• Stored data:
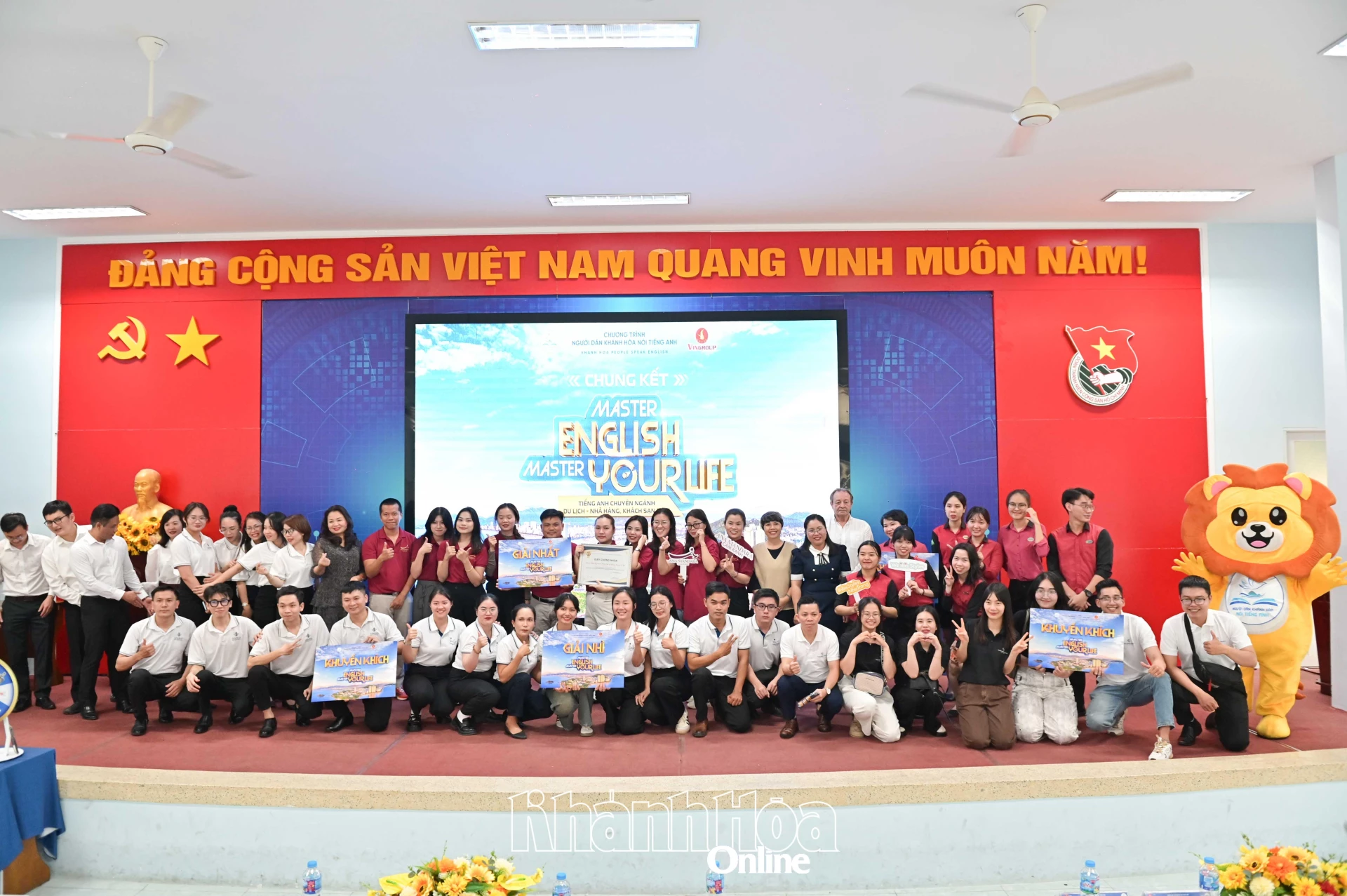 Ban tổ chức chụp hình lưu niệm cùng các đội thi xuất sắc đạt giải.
---
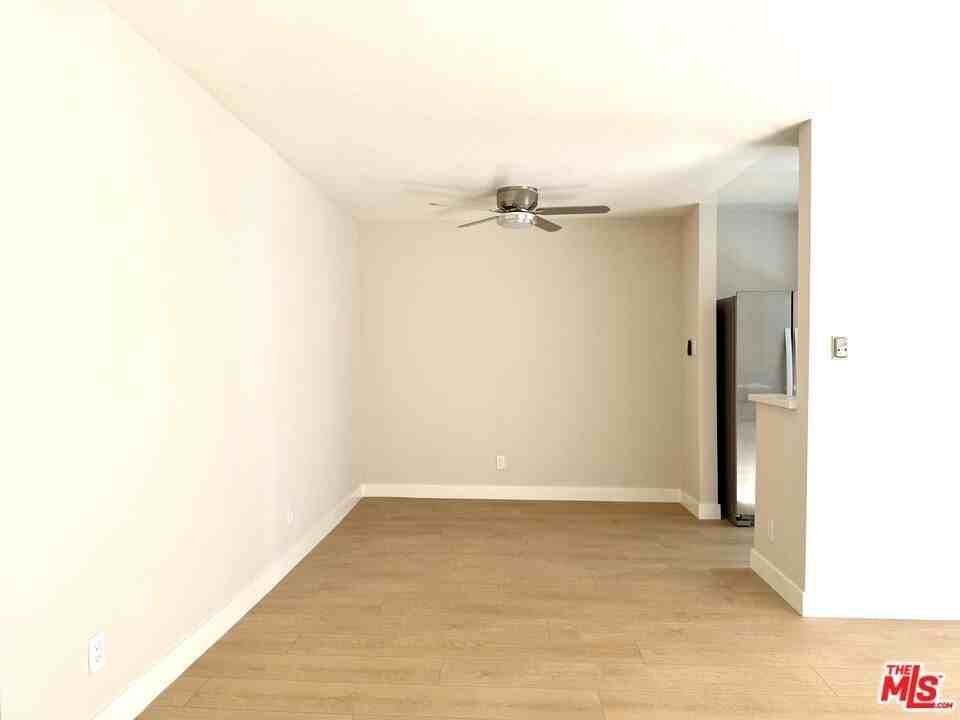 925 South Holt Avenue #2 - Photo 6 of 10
* * *
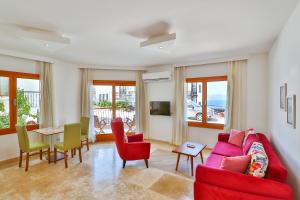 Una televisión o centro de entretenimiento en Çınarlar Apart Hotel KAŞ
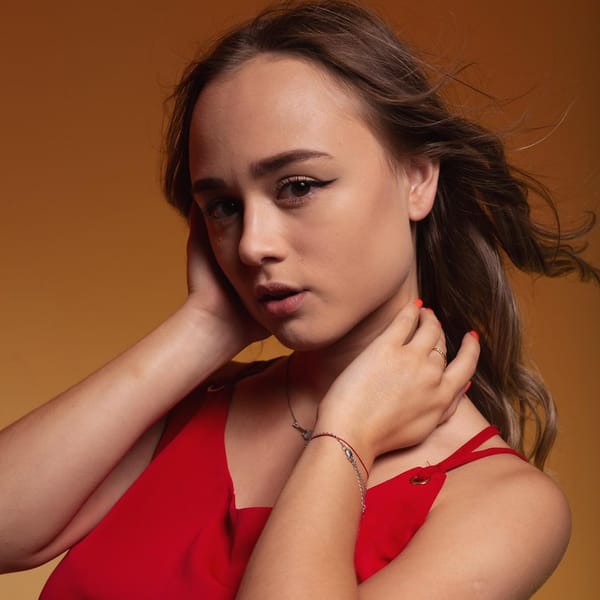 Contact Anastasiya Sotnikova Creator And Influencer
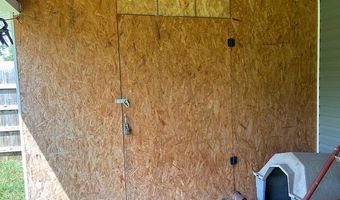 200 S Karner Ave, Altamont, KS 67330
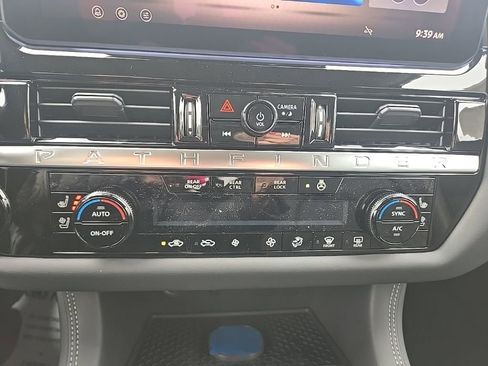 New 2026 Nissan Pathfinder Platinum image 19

• What to do:
Using the data above, give again exactly the lines starting at the one holding "Una televisión o" and ending at the one holding "New 2026 Nissan Pathfinder Platinum image 19", inclusive, and nothing more. Omit the pictures.

• Result of this task:
 Una televisión o centro de entretenimiento en Çınarlar Apart Hotel KAŞ
 Contact Anastasiya Sotnikova Creator And Influencer
 200 S Karner Ave, Altamont, KS 67330
 New 2026 Nissan Pathfinder Platinum image 19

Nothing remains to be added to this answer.